**Available data:**

+ + +

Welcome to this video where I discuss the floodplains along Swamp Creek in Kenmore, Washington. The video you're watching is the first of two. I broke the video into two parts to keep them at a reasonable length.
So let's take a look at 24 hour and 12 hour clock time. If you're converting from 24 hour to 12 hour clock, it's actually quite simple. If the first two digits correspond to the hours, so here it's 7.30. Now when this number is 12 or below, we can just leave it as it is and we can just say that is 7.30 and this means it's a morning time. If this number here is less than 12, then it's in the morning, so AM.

+ + +

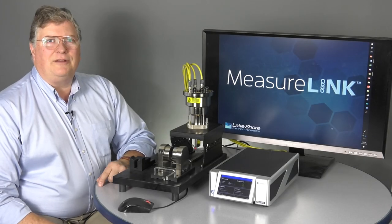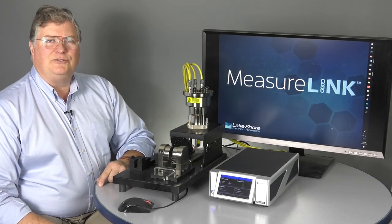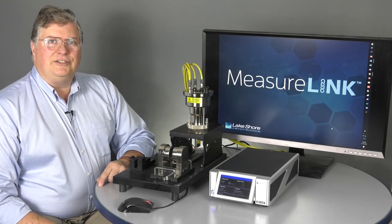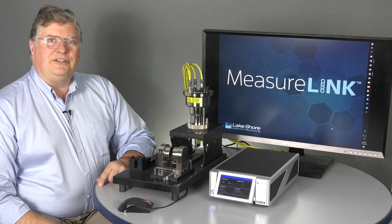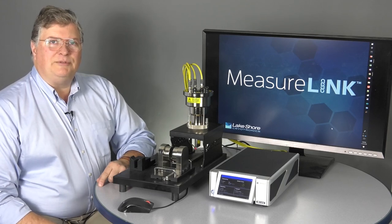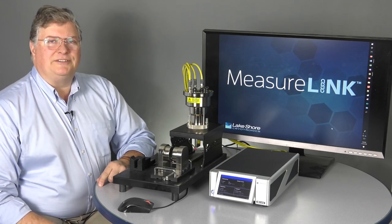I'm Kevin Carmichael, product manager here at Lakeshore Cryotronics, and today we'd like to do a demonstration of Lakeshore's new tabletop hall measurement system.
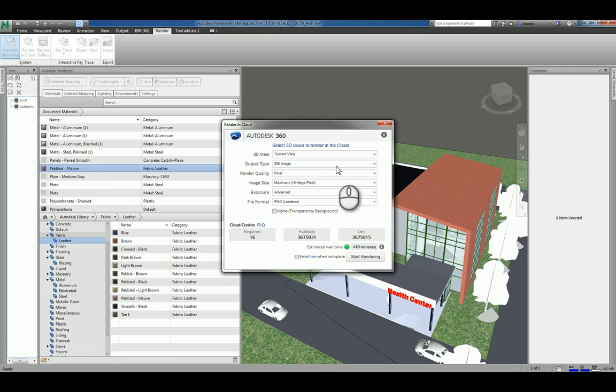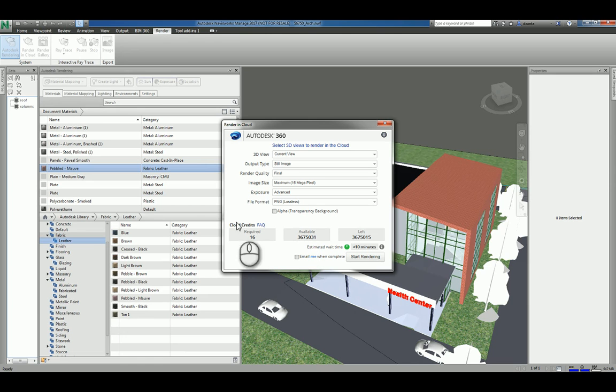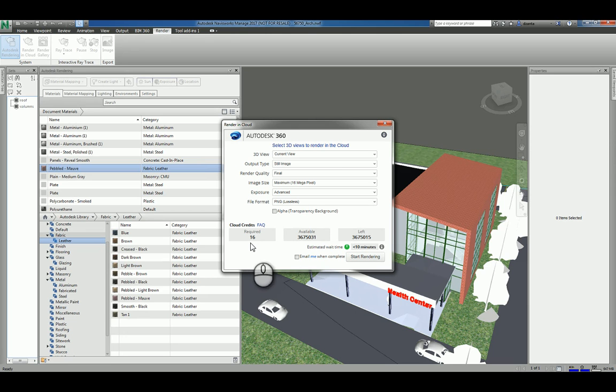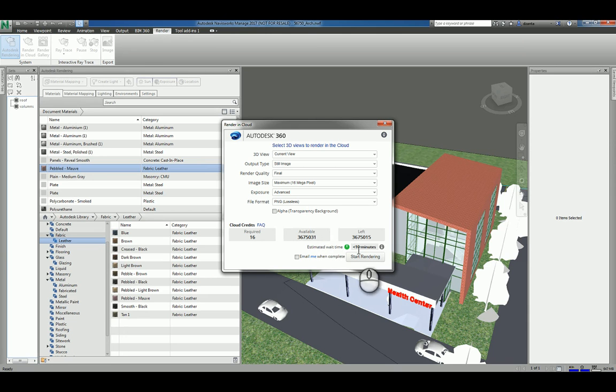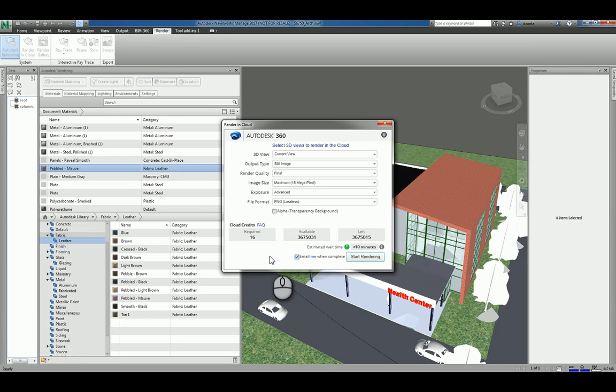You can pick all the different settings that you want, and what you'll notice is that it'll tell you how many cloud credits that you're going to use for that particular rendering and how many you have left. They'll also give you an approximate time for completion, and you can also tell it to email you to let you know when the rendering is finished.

+ + +

Working from the material above, retype exactly the lines from the one with "Welcome to this" through the one with "So let's take", both included, and only those lines.

Welcome to this video where I discuss the floodplains along Swamp Creek in Kenmore, Washington. The video you're watching is the first of two. I broke the video into two parts to keep them at a reasonable length.
So let's take a look at 24 hour and 12 hour clock time. If you're converting from 24 hour to 12 hour clock, it's actually quite simple. If the first two digits correspond to the hours, so here it's 7.30. Now when this number is 12 or below, we can just leave it as it is and we can just say that is 7.30 and this means it's a morning time. If this number here is less than 12, then it's in the morning, so AM.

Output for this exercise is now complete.